Żurawina

Żurawina

DSC_0275

DSC_0322

Jesień to moja ukochana pora roku. Kocham szarzyznę, niemożliwie piękne kolory drzew, widoki podczas jazdy autem i widok z okna. Temperatura jesienna też odpowiada mi najbardziej. Do tego jesienią są najlepsze, najsłodsze jabłka, pyszne jak snickersy…no i świeża żurawinka. Co roku żałuję po jesieni, że tak mało jej kupiłam, bo wszystkie przygotowane przetwory pochłaniam od razu.

Ja przyrządzam ją tak (a moja nie jest zbyt słodka, ale nie jest też kwaśna, jest po prostu wytrawna). Na pół kilo żurawiny daję 4 duże łyżki brązowego cukru i szklankę wody.

Żurawinę myję, wrzucam do garnka, zasypuję cukrem, zalewam wodą i wstawiam na ogień. Zagotowuję, przykrywam i zmniejszam ogień. Gotuję pół godziny pod przykryciem i pół godziny bez. Przekładam do słoiczków. Do wystygnięcia stawiam je do góry nogami (strasznie mnie bawi to wyrażenie, za każdym razem wyobrażam sobie taki słoiczek dyndający nóżkami….).

Tonami pochłaniam do serów – niebieskiego i camembert, do kozich i do białych mięs, najczęściej oczywiście do kurczaka. Doskonała też do kaczki.

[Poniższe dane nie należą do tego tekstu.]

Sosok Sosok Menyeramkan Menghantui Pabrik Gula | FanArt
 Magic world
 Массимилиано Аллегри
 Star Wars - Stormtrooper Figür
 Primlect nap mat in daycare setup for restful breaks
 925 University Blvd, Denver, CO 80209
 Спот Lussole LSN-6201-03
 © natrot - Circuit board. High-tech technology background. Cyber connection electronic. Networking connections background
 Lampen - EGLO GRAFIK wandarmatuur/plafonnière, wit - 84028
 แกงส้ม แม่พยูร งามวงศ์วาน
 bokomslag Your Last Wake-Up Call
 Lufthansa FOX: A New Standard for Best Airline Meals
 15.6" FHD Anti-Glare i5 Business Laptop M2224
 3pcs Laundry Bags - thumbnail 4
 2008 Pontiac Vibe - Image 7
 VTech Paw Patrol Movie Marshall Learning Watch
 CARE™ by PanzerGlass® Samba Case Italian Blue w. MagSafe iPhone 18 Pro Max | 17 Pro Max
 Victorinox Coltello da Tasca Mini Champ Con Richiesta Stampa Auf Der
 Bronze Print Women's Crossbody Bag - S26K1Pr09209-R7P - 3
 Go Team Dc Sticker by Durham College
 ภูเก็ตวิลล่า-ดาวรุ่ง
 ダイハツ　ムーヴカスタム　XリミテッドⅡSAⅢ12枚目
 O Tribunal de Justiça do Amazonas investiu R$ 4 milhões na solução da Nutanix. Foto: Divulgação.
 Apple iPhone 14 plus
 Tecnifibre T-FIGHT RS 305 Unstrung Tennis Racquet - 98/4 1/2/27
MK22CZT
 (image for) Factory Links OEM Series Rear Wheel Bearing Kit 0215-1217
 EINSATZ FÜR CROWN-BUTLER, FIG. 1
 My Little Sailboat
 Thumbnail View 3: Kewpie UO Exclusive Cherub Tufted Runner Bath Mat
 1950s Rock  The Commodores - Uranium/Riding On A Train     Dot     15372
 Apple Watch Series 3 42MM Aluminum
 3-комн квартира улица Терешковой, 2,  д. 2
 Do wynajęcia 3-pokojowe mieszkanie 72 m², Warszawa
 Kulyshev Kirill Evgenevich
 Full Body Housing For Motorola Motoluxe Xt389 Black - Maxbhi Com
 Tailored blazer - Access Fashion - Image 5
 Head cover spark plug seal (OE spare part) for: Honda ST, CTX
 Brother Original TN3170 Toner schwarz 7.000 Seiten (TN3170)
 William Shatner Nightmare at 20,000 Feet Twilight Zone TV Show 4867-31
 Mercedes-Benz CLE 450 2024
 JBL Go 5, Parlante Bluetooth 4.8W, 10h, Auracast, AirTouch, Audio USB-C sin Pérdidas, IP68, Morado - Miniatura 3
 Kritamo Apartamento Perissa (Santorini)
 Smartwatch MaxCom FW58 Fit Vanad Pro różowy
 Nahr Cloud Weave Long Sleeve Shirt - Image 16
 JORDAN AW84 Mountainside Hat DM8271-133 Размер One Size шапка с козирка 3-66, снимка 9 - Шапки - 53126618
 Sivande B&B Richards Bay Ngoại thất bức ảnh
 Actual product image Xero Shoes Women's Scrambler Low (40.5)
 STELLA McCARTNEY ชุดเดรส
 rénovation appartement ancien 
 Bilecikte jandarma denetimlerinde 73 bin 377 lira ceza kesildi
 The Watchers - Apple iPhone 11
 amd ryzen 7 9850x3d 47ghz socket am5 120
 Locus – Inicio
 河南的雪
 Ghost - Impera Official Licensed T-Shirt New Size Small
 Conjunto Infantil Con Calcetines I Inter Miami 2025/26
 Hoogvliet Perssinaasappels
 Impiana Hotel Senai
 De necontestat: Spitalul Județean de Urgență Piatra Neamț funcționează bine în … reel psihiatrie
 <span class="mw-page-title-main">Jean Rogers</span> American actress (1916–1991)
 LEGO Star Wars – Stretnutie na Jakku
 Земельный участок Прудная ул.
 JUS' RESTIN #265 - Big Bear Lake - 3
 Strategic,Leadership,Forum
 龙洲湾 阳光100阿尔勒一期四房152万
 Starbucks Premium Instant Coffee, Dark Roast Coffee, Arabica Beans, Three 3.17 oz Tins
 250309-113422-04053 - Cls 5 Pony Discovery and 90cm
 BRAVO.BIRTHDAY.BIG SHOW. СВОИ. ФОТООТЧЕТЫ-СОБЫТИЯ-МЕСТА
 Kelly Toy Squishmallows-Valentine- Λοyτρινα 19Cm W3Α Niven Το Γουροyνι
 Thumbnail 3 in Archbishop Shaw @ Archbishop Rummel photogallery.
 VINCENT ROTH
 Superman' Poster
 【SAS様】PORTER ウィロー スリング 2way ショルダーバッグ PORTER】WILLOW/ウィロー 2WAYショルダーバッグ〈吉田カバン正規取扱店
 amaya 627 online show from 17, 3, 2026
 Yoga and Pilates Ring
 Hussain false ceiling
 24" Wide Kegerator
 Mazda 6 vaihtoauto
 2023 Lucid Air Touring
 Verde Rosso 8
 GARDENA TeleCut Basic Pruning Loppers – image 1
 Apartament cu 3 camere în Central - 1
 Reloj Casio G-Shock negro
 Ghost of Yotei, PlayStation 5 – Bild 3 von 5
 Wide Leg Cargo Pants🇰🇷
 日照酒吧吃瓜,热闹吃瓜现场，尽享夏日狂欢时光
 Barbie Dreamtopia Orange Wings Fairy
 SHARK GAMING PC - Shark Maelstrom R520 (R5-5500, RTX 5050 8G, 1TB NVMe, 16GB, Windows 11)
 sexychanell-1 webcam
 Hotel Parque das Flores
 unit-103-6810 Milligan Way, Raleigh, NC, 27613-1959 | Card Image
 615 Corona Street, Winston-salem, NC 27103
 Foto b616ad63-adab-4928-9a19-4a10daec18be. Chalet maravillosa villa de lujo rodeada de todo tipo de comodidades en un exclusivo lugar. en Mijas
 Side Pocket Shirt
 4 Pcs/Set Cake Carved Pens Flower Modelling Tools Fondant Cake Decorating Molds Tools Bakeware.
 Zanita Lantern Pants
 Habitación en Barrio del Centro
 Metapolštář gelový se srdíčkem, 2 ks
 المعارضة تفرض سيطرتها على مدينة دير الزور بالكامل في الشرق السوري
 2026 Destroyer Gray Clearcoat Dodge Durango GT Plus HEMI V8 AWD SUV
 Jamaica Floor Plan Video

Możecie też podgrzewać z odrobiną wody i podawać jako sos do kurczaka i indyka. Wówczas możecie dodać świeżo startą skórkę z pomarańczy na przykład.

Przygotujcie ją już teraz na Święta (i Boże Narodzenie i Wielkanoc), bo w sklepach jest króciutko. Możecie też przygotować słoiczki na prezenty.

DSC_0324

DSC_0292

to nie jajecznica, to pierś z kurczaka pieczona w jogurcie.